DIY: How to write a book

Ed Note: one of Boingboing's three current guest bloggers, Steven Johnson is the author of six books, most recently The Invention Of Air: A Story of Science, Faith, Revolution and the Birth Of America. (You can see a video interview introducing the book here.) He's also the co-founder of the hyperlocal community site

In part because my books have had a habit of weaving multiple disciplines together, and in part because I've written quite a bit about technology, I'm often asked about the tools I use to research and write my books. Given that Boingboing has its own wonderful multi-disciplinary sensibility, and of course a major obsession with DIY movements, I thought it might be fun to say a few words about the writing system I've developed over the past few books.

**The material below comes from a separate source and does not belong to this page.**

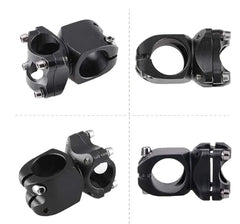 FASTPED®Aluminum Alloy Bicycle Handlebar Riser Stem for Mountain Bike, Road Bike, Cycling (C)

My word processors have varied over the years: I swore off MS Word after Mind Wide Open, and used Nisus Writer for Everything Bad and Ghost Map; had a quick dalliance with Pages, and then actually returned to the latest version of Word for Invention. But the one constant for the past four books has been an ingenious piece of software called Devonthink, which is basically a free-form database that accepts many different document types (PDFs, text snippets, web pages, images, etc). It has a very elegant semantic algorithm that can detect relationships between short excerpts of text, so you can use the software as a kind of connection machine, a supplement to your own memory. I wrote about this several years ago for the Times Book Review, and I still get emails from people every couple of weeks asking about the software. (The Devonthink guys should put me in an infomercial.)

Since I wrote that essay, I've developed a new approach to using Devonthink that was enormously helpful in writing Ghost Map and Invention. The first stage, which is crucial, is a completely disorganized capture of every little snippet of text that seems vaguely interesting. I grab paragraphs from web pages, from digital books, and transcribe pages from printed text — and each little snippet I just drop into Devonthink with no organization other than a citation of where it came from. This goes on for months and months; I read in a completely unplanned and exploratory way (increasingly online, thanks to Google Books and other sources) and just drag anything that seems at all interesting into Devonthink.

When it comes time to actually write the book, I usually have a pretty clear sense of how the chapters are going to be divided up. With Ghost Map, for instance, there's a cool little trick I figured out before I started writing where each chapter maps to a single day in the epidemic, but also connects to one of the themes of the book: the shit and scavengers, miasma, the map. (No one seemed to notice this in any of the reviews, but it's one of the things that I'm most proud of with that book.) And so in the last stage before I actually start writing, I create a little folder in Devonthink for each of the chapters. And then I sit down and read through every single little snippet that I've uncovered over the past year or so of research. And as I'm reading them on the screen, I just drag them into the chapter folder where I think they will be most useful. Some snippets get dragged to multiple folders; most don't make it into any folder. But I read through them all, and in reading through them all, I have a completely new contextual experience of them, because I'm at the end of the research cycle, not at the beginning. They feel like pieces of a puzzle that's coming together, instead of hints or hunches.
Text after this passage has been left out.